When Conservati­ve interim leader Jackson Carlaw stood on Thursday to read out the NSPCC definition of ‘grooming’ in relation to Derek Mackay’s pursuance of a 16-year-old boy, the chamber was gallows quiet.

One Left-wing journalist noted: ‘No one was seeking to score points. There was human empathy here.’

Another writer – a personal friend of Mr Mackay – summed up: ‘As Jackson Carlaw so powerfully pointed out by reading the definition of child grooming, this is what Mackay has done, and there are no words strong enough to condemn it.’

In truth, Mr Carlaw will have found Thursday’s FMQs script as hard to deliver as many of us found it to hear.

A father of two boys himself, Mr Carlaw has known Mr Mackay for years and has spent the best part of a decade gently joshing him in public about his ambitions to lead the SNP.

The reason the chamber was so quiet on Thursday and the reason so many members blanched at hearing how a child is groomed online – and what that grooming is usually intended for – is because Mr Mackay was so well known and well liked across the various aisles.

I’ve seen a lot of criticism on social media aimed at anyone showing even a modicum of thought for the smoking ruins of Mr Mackay’s life, career and family. As if somehow acknowledg­ing how much he has lost at his own hand diminishes the damage he caused to a schoolchil­d.

It is to misunderst­and the nature of shock, incomprehe­nsion and guilt doing the rounds.

If you consider someone is one of the good guys, irrespecti­ve of party, and it comes out he has done something as depraved and calculated as this, what does that say about you?

The questions Ms Sturgeon answered in the chamber don’t even start to scratch the surface of the answers Mr Mackay’s victim – or the country – needs.

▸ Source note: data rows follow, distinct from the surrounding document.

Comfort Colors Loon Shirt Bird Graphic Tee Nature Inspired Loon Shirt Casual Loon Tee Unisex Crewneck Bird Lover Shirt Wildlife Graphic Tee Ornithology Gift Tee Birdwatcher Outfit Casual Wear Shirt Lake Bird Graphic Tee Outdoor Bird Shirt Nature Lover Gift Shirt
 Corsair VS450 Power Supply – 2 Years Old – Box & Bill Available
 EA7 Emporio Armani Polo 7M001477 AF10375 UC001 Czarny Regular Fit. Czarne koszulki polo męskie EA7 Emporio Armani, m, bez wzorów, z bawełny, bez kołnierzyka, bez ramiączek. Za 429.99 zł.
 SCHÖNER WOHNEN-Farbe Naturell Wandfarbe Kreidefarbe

However, even those questions may need to be revisited.

On Thursday the First Minister was asked if there were any other instances of Mr Mackay using social media to shower unsolicite­d and unwanted attention on young men.

WE’VE already seen an SNP activist come forward to say Mr Mackay spent four years sending him messages that made him uncomforta­ble, but he felt powerless to address it due to the former finance secretary’s standing in the party.

Allegation­s from a former staff member have come to light, too, suggesting Mr Mackay’s behaviour at party conference caused enough concern for the First Minster to have allegedly cracked down on his drinking and partying. But one of the most disturbing things to have emerged are the reports from the paper that broke the story of the way in which the SNP Government tried to stop it running.

That it wanted to be told the schoolboy’s name and identity and demanded to know what justificat­ion the paper had for publicatio­n ‘given the intrusion into private and family life, and correspond­ence including digital communicat­ion’ of Mr Mackay.

There is nothing mitigating or redemptive in what happened.

No excuses regarding Mr Mackay’s tough upbringing or the fact the boy was over 16.

It is a tragedy. For the young man coming to terms with Mr Mackay’s unwanted advances and grooming, for the partner and children of Mr McKay, and for a man whose weakness, hubris and predatory behaviour has just burned his whole future to the ground.

And unease for the rest of us who simply didn’t see it coming.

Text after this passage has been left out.